| Image-caption web data |
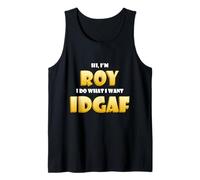 Roy Costume IDGAF Funny Meme Halloween Costume for Roys Débardeur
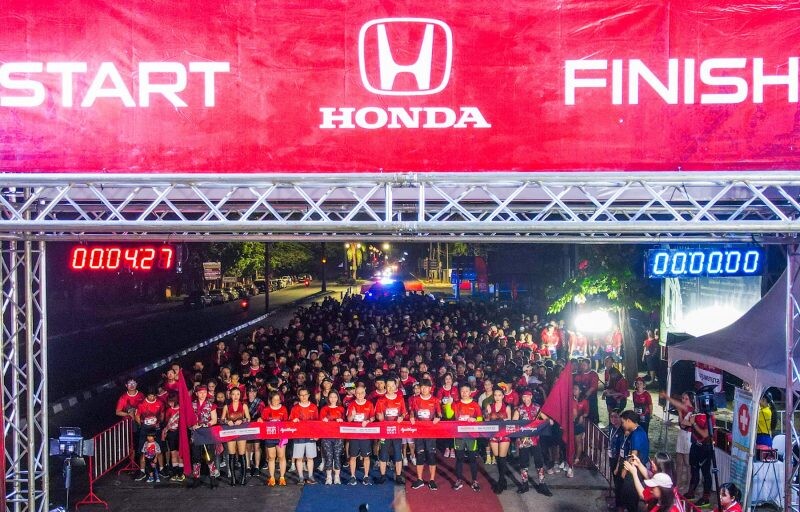 ฮอนด้า สานต่อกิจกรรม "Honda Run 2024" ชวนพนักงานฮอนด้าและครอบครัว ผู้จำหน่าย และสื่อมวลชน วิ่งการกุศลบนเส้นทางสายประวัติศาสตร์กรุงเก่าอยุธยา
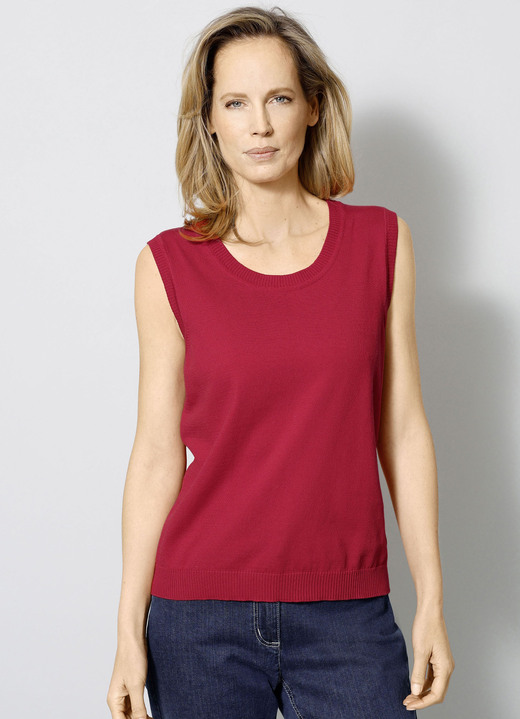 Shirts - Stricktop aus reiner Baumwolle, in Größe 038 bis 052, in Farbe GRÜN Ansicht 3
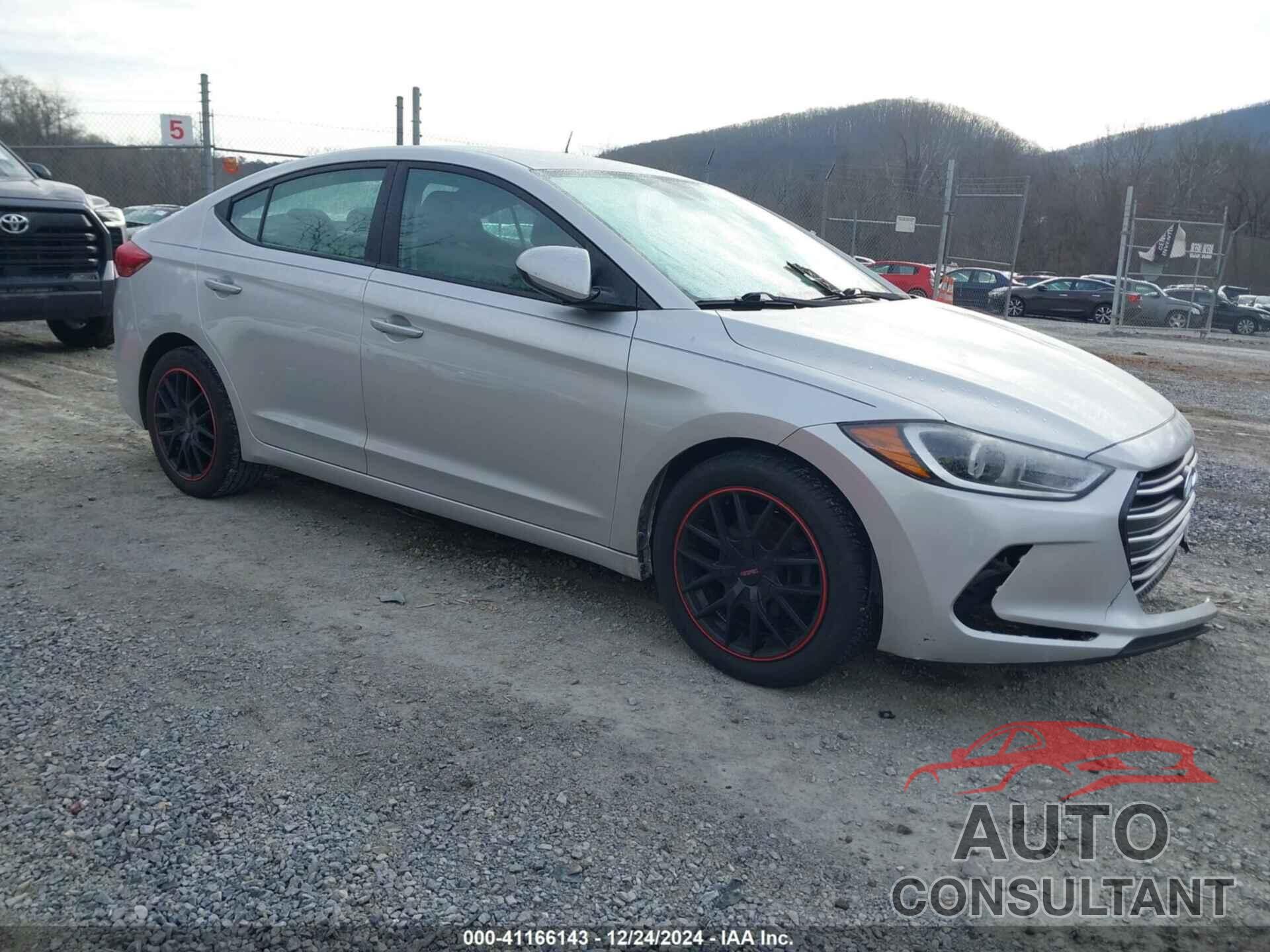 HYUNDAI ELANTRA 2017 - 5NPD74LF4HH057191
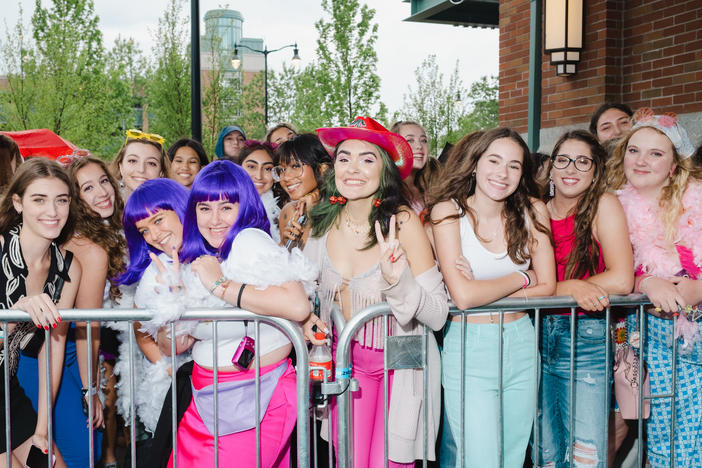 Elmont, New York (UBS Arena) May 20, 2022: Fans gather from around the world to see pop star Harry Styles perform at the UBS Arena on Friday afternoon.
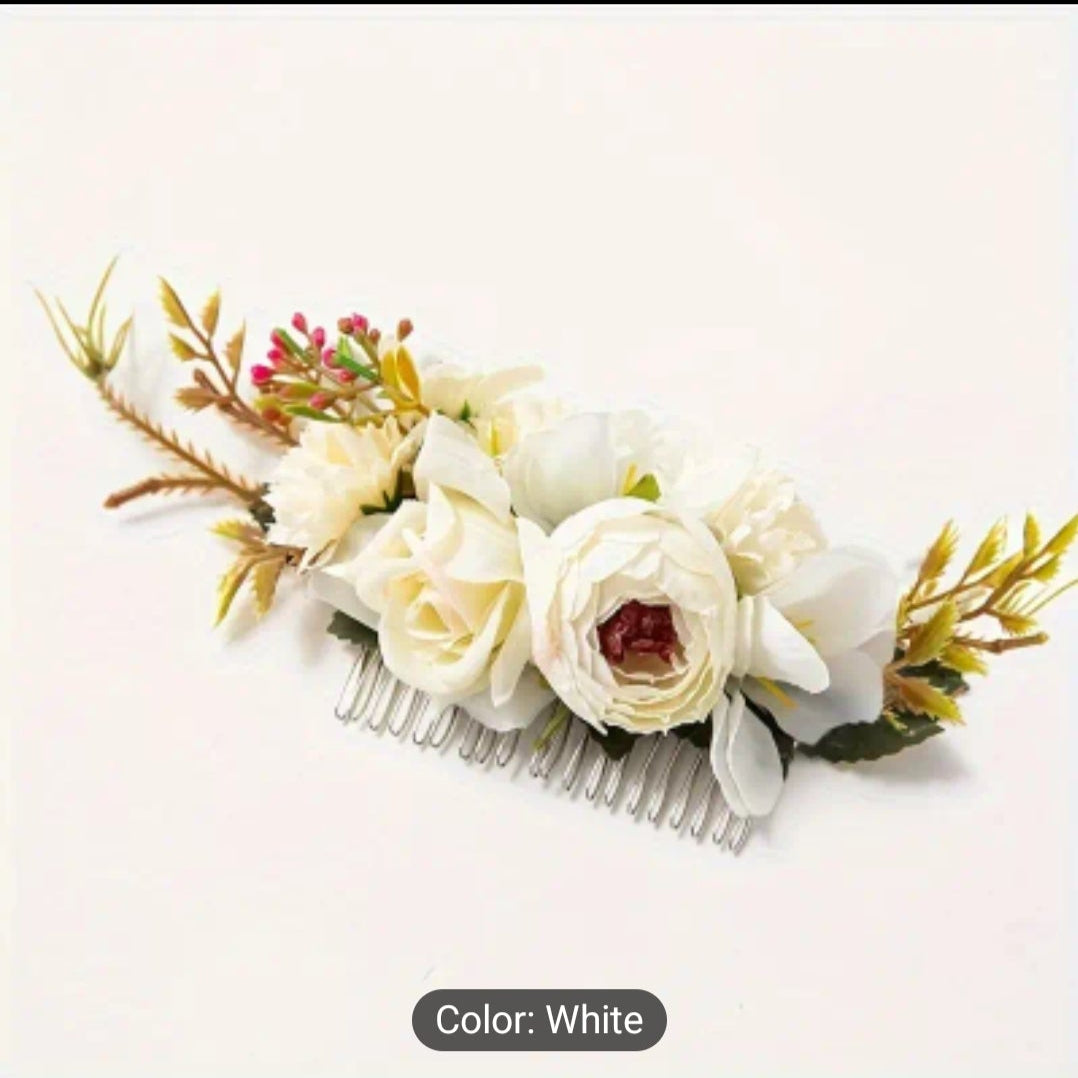 FLOWERS HAIR COMB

| Task instructions |
Copy only this, please: the line with "Shirts - Stricktop" and every line after it through the end of the data, with no pictures.

| Expected output |
 Shirts - Stricktop aus reiner Baumwolle, in Größe 038 bis 052, in Farbe GRÜN Ansicht 3
 HYUNDAI ELANTRA 2017 - 5NPD74LF4HH057191
 Elmont, New York (UBS Arena) May 20, 2022: Fans gather from around the world to see pop star Harry Styles perform at the UBS Arena on Friday afternoon.
 FLOWERS HAIR COMB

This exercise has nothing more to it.